Tag: 6. September 2022

Woke

Das Bewusstsein für Komplexität in einer Gesellschaft, die sich als wach genug erweist, die feinen Unterschiede nicht nur zu erkennen, sondern auch zu pflegen (im Gendern, den Alltagsformen des versteckten Rassismus, im Schutz von politischer Korrektheit und sozialer Gerechtigkeit), dieses aufmerksame Wissen um Vielfalt zeigt sich erstaunlich einfältig, wenn es sich auseinandersetzen muss mit Einwänden, die selber Komplexität einfordern. Da verliert nicht zuletzt ein eher schlichter Unterschied, die Differenz zwischen Empfindsamkeit, die den Reichtum kultureller Spielarten schätzt, und Empfindlichkeit, die ihn weniger erträgt und das Leben reduziert, seine Bedeutung.
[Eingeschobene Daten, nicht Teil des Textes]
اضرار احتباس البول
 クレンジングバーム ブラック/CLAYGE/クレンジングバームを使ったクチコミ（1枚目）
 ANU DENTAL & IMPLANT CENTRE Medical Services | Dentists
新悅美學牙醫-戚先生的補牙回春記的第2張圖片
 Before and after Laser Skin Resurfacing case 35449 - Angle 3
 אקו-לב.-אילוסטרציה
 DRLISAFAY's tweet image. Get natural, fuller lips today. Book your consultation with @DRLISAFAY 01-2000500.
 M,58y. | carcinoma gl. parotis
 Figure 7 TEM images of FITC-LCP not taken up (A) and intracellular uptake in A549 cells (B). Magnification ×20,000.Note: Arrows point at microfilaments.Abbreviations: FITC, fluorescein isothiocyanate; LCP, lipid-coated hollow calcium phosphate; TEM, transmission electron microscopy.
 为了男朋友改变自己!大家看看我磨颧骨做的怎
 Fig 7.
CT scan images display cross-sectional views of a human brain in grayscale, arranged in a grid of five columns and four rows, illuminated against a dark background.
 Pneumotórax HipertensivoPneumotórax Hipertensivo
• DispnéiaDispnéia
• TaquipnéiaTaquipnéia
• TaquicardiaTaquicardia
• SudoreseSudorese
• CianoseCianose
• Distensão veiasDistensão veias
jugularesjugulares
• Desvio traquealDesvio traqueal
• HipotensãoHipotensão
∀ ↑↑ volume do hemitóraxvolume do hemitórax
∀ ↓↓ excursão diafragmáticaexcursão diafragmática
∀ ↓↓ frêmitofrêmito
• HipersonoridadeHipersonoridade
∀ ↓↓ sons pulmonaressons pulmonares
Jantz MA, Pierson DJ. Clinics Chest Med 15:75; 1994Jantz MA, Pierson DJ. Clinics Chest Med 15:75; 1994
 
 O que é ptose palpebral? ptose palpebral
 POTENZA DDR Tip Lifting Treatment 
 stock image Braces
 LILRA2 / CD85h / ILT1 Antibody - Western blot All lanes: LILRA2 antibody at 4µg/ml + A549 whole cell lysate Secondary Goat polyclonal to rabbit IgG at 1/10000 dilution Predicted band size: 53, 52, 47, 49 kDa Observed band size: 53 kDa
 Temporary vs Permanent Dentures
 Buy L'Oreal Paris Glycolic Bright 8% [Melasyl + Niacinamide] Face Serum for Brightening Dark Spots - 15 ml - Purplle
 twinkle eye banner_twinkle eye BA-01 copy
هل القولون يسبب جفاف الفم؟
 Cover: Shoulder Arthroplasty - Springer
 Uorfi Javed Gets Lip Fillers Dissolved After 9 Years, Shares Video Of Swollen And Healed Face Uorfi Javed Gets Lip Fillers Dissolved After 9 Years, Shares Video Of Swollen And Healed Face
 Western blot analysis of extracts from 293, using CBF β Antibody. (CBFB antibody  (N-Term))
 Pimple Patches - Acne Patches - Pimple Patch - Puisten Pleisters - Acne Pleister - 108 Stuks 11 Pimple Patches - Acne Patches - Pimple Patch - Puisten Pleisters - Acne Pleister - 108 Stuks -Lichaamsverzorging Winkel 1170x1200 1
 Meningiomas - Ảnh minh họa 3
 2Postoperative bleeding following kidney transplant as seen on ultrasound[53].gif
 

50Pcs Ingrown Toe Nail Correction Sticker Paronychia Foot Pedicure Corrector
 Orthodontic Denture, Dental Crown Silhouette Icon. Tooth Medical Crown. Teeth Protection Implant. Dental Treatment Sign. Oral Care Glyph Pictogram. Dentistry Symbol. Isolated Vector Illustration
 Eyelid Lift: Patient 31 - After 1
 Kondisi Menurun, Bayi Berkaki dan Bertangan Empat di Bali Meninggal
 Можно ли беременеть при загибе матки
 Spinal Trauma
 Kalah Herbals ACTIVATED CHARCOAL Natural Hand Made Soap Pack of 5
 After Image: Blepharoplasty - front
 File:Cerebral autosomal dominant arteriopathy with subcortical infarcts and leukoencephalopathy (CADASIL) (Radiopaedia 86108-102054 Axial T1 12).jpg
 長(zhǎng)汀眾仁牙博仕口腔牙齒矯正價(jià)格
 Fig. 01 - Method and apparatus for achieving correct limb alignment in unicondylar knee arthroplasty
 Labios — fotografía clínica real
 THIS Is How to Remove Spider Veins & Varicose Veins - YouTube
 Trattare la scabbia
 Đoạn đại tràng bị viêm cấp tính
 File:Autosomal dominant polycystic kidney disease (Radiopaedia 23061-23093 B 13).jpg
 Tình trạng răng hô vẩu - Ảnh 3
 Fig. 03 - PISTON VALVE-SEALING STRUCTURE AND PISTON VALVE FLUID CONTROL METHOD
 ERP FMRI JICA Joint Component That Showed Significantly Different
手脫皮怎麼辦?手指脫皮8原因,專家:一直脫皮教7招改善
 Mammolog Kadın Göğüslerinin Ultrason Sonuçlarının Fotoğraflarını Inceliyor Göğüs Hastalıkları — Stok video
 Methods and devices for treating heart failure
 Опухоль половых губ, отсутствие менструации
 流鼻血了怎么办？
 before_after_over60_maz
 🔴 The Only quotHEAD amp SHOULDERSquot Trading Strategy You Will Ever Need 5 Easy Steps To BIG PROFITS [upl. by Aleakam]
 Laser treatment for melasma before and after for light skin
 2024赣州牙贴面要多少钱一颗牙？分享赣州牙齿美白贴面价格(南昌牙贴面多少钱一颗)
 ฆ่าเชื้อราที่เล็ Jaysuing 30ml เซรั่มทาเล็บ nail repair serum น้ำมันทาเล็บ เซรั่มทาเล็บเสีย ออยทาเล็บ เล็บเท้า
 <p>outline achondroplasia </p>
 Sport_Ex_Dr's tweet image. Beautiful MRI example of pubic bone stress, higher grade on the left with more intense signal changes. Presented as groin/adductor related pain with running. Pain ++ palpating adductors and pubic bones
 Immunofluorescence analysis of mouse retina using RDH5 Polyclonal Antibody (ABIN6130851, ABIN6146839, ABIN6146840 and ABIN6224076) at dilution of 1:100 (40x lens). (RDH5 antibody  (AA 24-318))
Und höchst reizbar, also gar nicht empfindsam, aber empfindlich, fallen die Reaktionen aus, wenn Kritik aufkommt, etwa dass individuelle Verletzbarkeit kein absolutes Kriterium sein kann für den Gebrauch der Sprache (weil sonst am Ende über nichts mehr ohne Furcht geredet werden kann; jedes Wort kann potentiell tief schmerzen) oder die Grammatik für das Partizip Präsens anderes vorsieht als eine geschlechtsneutrale Bezeichnung (der Bäcker ist eben kein Backender in Momenten, da er nicht backt). Am Ende wird Komplexität ohne Not einkassiert und durch den Killergestus sich selbst legitimierender Macht ersetzt. Das ist weit unter dem Niveau dessen, was ein waches Bewusstsein zu heißen verdient.